• [Extracted material]
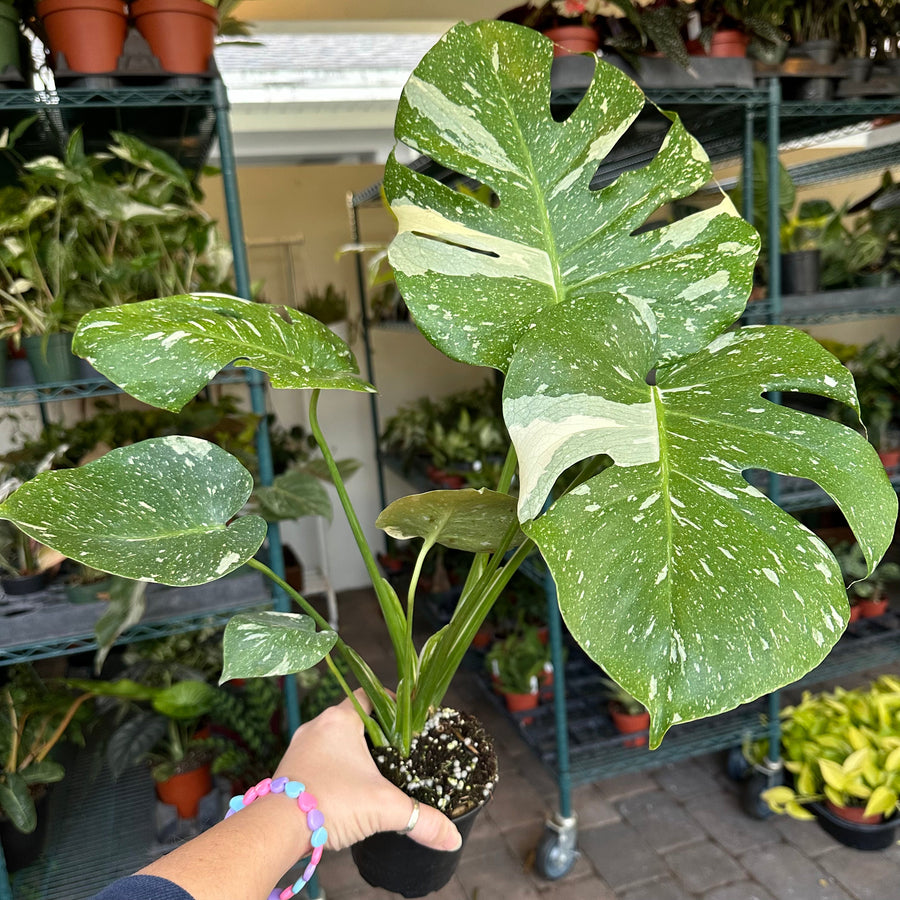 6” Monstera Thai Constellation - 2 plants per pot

--

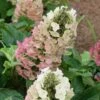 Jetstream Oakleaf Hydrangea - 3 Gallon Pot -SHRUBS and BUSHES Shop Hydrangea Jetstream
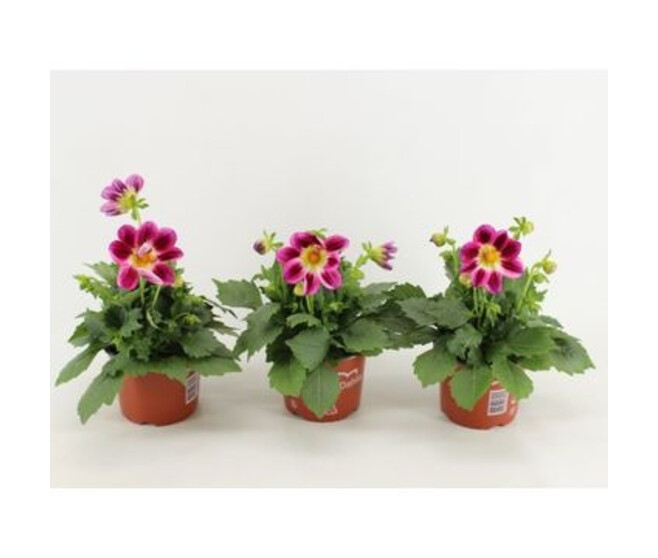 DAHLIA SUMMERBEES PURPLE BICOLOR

• [Problem details] When copying from the data above, print only the lines from the line containing "Jetstream Oakleaf Hydrangea" to the line containing "DAHLIA SUMMERBEES PURPLE BICOLOR", exactly, and leave the pictures out.

• [Solution]
 Jetstream Oakleaf Hydrangea - 3 Gallon Pot -SHRUBS and BUSHES Shop Hydrangea Jetstream
 DAHLIA SUMMERBEES PURPLE BICOLOR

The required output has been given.